This acute perception of the reason why it was at times desirable and proper to hurl a smaller though more efficient force against superior numbers, content that the latter, as a factor, were for the campaign annihilated,—this realization of the possible fruitfulness of a defeat, or rather, of a battle wisely lost, as contrasted with what Jomini calls the sterile glory of fighting battles merely to win them,—is one of the most marked and decisive features of Nelson's genius as a general officer. It recurs over and over again, and at all periods, in his correspondence, this clear and full appreciation of the relation of the parts to the whole.[113] It underlay his sustained purpose during the long pursuit of the preceding months, that, if he found the allied squadron, "they would not part without a battle." Whatever else the result, that particular division would do no harm that year, and with it necessarily fell the great combination, whatever that might be, of which it was an essential factor. "The event would have been in the hands of Providence," he wrote to Barham; "but we may without, I hope, vanity, believe that the enemy would have been fit for no active service after such a battle." There is wanting to the completeness of this admirable impulse only the steadying resolve that he would bide his time, so as, to use Napoleon's phrase, to have the most of the chances on his side when he attacked. This also we know he meant to do. "I will wait, till they give me an opportunity too tempting to be resisted, or till they draw near the shores of Europe." In such qualification is to be seen the equipoise of the highest order of ability. This union of desperate energy with calculating wariness was in him not so much a matter of reasoning, though reason fully endorses it, as it was the gift of nature,—genius, in short. Reasoning of a very high order illuminates Nelson's mental processes and justifies his conclusions, but it is not in the power of reason, when face to face with emergency, to bridge the chasm that separates perception, however clear, from the inward conviction which alone sustains the loftiest action. "Responsibility," said St. Vincent, "is the test of a man's courage." Emergency, it may be said, is the test of his faith in his beliefs.

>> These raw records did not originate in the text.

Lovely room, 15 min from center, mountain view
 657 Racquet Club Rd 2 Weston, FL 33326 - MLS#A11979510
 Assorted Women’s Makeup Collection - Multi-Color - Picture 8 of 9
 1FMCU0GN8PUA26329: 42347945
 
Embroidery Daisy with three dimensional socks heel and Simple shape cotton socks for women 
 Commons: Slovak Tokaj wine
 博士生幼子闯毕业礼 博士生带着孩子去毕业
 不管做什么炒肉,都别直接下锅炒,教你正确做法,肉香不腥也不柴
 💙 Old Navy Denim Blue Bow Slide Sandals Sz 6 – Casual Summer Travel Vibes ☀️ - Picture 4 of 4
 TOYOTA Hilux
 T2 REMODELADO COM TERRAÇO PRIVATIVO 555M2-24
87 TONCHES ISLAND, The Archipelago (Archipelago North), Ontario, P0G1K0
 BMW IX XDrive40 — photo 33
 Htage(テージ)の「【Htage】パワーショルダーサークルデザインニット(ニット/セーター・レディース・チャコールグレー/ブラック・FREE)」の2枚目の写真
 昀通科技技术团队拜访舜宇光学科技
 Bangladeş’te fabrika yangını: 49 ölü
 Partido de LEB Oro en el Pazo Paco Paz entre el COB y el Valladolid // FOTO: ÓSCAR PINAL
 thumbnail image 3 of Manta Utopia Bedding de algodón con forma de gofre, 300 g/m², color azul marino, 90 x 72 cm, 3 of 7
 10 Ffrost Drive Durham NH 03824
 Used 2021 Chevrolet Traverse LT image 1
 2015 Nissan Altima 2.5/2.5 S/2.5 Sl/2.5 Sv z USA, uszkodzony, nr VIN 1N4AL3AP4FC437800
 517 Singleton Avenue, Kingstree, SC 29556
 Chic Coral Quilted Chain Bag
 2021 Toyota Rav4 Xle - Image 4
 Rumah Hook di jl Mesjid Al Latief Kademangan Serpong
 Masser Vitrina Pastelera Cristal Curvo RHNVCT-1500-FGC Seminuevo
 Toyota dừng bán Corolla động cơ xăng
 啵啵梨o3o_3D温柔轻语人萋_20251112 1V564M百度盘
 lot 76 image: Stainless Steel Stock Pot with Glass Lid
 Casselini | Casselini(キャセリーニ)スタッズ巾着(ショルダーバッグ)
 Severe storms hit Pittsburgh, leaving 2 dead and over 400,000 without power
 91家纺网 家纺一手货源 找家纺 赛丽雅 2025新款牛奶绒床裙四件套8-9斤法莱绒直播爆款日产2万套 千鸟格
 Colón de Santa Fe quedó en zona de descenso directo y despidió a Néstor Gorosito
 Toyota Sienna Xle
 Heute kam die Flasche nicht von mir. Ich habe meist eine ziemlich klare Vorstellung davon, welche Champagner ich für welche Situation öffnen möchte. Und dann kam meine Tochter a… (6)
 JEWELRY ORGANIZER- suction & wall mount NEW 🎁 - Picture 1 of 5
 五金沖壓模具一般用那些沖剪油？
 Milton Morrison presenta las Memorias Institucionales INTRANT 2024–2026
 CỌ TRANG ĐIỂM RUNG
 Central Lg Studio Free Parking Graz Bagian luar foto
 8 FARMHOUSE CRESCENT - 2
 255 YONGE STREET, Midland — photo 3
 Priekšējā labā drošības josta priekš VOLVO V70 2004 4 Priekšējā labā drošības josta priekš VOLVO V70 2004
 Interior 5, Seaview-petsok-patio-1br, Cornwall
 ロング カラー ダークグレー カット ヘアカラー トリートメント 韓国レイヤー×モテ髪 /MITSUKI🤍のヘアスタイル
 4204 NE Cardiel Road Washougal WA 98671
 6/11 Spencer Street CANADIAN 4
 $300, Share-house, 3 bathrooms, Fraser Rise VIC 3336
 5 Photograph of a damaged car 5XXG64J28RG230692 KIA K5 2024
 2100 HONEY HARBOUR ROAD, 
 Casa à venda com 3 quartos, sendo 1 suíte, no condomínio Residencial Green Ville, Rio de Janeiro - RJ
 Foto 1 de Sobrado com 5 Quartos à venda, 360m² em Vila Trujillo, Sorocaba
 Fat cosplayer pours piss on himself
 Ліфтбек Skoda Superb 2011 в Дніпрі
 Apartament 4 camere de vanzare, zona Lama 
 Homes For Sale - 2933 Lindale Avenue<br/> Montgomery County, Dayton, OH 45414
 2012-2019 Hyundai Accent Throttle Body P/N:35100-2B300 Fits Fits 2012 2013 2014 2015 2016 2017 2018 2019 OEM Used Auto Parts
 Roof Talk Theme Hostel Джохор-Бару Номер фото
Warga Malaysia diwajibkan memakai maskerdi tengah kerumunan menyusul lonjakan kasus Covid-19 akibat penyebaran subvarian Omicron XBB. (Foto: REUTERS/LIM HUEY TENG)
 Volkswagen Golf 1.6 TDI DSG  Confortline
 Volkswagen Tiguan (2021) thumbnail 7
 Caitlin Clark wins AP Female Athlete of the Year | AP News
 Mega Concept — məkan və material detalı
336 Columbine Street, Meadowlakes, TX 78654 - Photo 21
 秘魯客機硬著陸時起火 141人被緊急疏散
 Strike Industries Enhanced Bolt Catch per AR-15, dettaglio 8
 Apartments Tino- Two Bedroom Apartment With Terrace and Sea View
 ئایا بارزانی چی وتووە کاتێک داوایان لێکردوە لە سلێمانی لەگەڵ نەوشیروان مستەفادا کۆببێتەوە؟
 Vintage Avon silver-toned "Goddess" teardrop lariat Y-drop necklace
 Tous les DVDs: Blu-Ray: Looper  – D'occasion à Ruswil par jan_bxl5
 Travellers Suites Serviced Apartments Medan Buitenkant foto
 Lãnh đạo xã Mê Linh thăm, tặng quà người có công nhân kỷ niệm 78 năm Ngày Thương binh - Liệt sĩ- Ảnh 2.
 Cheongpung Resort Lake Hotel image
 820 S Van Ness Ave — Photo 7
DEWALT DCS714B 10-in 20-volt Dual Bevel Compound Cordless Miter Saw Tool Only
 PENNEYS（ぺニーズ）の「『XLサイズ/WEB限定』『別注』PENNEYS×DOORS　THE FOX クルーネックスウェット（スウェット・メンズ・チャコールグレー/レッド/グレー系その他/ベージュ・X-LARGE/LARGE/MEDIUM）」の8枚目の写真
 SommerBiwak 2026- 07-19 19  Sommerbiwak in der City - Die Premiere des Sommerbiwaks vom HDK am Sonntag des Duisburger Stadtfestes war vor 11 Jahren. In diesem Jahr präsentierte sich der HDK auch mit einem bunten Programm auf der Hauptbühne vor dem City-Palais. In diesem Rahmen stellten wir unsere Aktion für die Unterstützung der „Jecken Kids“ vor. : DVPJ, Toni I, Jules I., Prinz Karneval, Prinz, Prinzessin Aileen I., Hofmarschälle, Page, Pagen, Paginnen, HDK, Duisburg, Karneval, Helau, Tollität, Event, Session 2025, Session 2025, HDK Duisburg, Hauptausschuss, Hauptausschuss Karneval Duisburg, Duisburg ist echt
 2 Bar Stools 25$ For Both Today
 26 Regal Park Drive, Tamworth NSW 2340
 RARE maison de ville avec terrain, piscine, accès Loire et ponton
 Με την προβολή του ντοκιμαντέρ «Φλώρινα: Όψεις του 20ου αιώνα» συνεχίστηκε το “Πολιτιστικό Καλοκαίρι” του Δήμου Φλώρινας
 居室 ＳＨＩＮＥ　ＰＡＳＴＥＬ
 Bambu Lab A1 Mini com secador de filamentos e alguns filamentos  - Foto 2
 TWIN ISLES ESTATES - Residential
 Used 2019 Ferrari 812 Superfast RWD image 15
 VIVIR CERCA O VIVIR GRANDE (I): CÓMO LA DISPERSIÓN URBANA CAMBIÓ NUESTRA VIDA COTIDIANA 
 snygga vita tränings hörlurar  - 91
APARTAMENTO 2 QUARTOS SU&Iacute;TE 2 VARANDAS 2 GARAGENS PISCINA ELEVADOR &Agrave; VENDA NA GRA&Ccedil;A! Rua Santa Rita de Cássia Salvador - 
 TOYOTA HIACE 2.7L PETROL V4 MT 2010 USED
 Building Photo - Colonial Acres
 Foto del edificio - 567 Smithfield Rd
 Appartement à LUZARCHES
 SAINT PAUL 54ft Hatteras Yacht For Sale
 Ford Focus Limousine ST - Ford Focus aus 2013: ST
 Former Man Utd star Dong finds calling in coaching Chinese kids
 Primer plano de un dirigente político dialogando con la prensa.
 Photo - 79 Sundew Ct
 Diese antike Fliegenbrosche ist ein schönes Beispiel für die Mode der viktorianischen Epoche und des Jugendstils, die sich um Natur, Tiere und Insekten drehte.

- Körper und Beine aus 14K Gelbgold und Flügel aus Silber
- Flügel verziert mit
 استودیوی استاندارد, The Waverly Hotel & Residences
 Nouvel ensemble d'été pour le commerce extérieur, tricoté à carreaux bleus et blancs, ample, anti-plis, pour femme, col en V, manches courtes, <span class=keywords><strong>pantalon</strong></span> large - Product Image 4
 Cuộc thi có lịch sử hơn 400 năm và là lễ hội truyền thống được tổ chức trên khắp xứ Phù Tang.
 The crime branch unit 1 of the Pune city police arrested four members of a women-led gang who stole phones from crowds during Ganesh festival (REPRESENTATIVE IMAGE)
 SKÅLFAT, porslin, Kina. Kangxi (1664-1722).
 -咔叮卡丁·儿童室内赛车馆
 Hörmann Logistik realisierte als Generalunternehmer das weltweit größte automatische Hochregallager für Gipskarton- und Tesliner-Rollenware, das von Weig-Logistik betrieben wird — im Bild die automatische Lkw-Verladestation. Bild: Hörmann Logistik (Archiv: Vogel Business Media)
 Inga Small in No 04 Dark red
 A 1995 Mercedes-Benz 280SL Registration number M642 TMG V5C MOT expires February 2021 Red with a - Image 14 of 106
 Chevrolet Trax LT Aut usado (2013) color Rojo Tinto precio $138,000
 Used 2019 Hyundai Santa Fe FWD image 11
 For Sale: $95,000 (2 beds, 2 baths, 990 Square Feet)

While those at the head of the State thus hung upon his counsels, and drew encouragement from his indomitable confidence, the people in the streets looked up to him with that wistful and reverent dependence which does not wholly understand, but centres all its trust upon a tried name. They knew what he had done in the now distant past, and they had heard lately that he had been to the West Indies, and had returned, having saved the chief jewel among the colonies of the empire. They knew, also, that their rulers were fearful about invasion, and that in some undefined way Nelson had stood, and would yet stand, between them and harm. The rapidity of his movements left little interval between the news of his being back at Gibraltar and the announcement of his arrival at Portsmouth, which was not generally expected. On the 19th of August, a day after the "Victory" anchored at Spithead, Lord Radstock wrote: "'T is extraordinary no official accounts have been received from Lord Nelson since the 27th of July. He then hinted that he might perhaps go to Ireland; nevertheless, we have had no tidings of him on that coast. I confess I begin to be fearful that he has worried his mind up to that pitch, that he cannot bear the idea of showing himself again to the world, until he shall have struck some blow, and that it is this hope that is now making him run about, half-frantic, in quest of adventures. That such unparalleled perseverance and true valor should thus evaporate in air is truly melancholy."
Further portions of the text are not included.